PROVIDED DATA =
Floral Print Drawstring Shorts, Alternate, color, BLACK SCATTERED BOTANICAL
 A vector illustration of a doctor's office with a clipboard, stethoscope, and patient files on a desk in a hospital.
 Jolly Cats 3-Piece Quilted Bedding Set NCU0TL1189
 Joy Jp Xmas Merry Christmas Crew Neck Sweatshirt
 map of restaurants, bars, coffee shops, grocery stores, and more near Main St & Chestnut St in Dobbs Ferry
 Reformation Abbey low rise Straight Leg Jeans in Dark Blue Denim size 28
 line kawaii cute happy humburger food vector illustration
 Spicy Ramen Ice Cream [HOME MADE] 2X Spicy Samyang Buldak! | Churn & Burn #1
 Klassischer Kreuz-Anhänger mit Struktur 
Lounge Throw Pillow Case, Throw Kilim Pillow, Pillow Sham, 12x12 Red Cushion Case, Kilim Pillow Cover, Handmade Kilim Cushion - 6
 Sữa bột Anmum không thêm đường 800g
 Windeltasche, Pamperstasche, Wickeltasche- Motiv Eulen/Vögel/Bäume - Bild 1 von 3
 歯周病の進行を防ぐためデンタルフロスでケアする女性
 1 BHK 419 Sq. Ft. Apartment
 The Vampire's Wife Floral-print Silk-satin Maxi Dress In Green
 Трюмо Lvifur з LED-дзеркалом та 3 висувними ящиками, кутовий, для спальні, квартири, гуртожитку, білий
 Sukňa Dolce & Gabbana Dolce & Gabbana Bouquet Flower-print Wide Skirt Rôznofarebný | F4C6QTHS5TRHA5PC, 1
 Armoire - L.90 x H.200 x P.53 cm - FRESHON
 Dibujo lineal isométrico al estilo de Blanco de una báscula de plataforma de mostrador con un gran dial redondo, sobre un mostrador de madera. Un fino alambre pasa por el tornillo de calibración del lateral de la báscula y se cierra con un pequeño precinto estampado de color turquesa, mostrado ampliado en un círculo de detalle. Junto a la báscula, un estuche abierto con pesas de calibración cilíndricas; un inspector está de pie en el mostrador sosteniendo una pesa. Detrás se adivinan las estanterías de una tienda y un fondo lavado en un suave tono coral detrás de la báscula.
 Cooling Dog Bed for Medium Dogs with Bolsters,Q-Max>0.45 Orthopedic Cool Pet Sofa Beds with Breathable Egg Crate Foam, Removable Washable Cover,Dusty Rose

EXERCISE INSTRUCTIONS =
Your reply should be every line of the material, transcribed exactly.

ANSWER TO THE EXERCISE =
Floral Print Drawstring Shorts, Alternate, color, BLACK SCATTERED BOTANICAL
 A vector illustration of a doctor's office with a clipboard, stethoscope, and patient files on a desk in a hospital.
 Jolly Cats 3-Piece Quilted Bedding Set NCU0TL1189
 Joy Jp Xmas Merry Christmas Crew Neck Sweatshirt
 map of restaurants, bars, coffee shops, grocery stores, and more near Main St & Chestnut St in Dobbs Ferry
 Reformation Abbey low rise Straight Leg Jeans in Dark Blue Denim size 28
 line kawaii cute happy humburger food vector illustration
 Spicy Ramen Ice Cream [HOME MADE] 2X Spicy Samyang Buldak! | Churn & Burn #1
 Klassischer Kreuz-Anhänger mit Struktur 
Lounge Throw Pillow Case, Throw Kilim Pillow, Pillow Sham, 12x12 Red Cushion Case, Kilim Pillow Cover, Handmade Kilim Cushion - 6
 Sữa bột Anmum không thêm đường 800g
 Windeltasche, Pamperstasche, Wickeltasche- Motiv Eulen/Vögel/Bäume - Bild 1 von 3
 歯周病の進行を防ぐためデンタルフロスでケアする女性
 1 BHK 419 Sq. Ft. Apartment
 The Vampire's Wife Floral-print Silk-satin Maxi Dress In Green
 Трюмо Lvifur з LED-дзеркалом та 3 висувними ящиками, кутовий, для спальні, квартири, гуртожитку, білий
 Sukňa Dolce & Gabbana Dolce & Gabbana Bouquet Flower-print Wide Skirt Rôznofarebný | F4C6QTHS5TRHA5PC, 1
 Armoire - L.90 x H.200 x P.53 cm - FRESHON
 Dibujo lineal isométrico al estilo de Blanco de una báscula de plataforma de mostrador con un gran dial redondo, sobre un mostrador de madera. Un fino alambre pasa por el tornillo de calibración del lateral de la báscula y se cierra con un pequeño precinto estampado de color turquesa, mostrado ampliado en un círculo de detalle. Junto a la báscula, un estuche abierto con pesas de calibración cilíndricas; un inspector está de pie en el mostrador sosteniendo una pesa. Detrás se adivinan las estanterías de una tienda y un fondo lavado en un suave tono coral detrás de la báscula.
 Cooling Dog Bed for Medium Dogs with Bolsters,Q-Max>0.45 Orthopedic Cool Pet Sofa Beds with Breathable Egg Crate Foam, Removable Washable Cover,Dusty Rose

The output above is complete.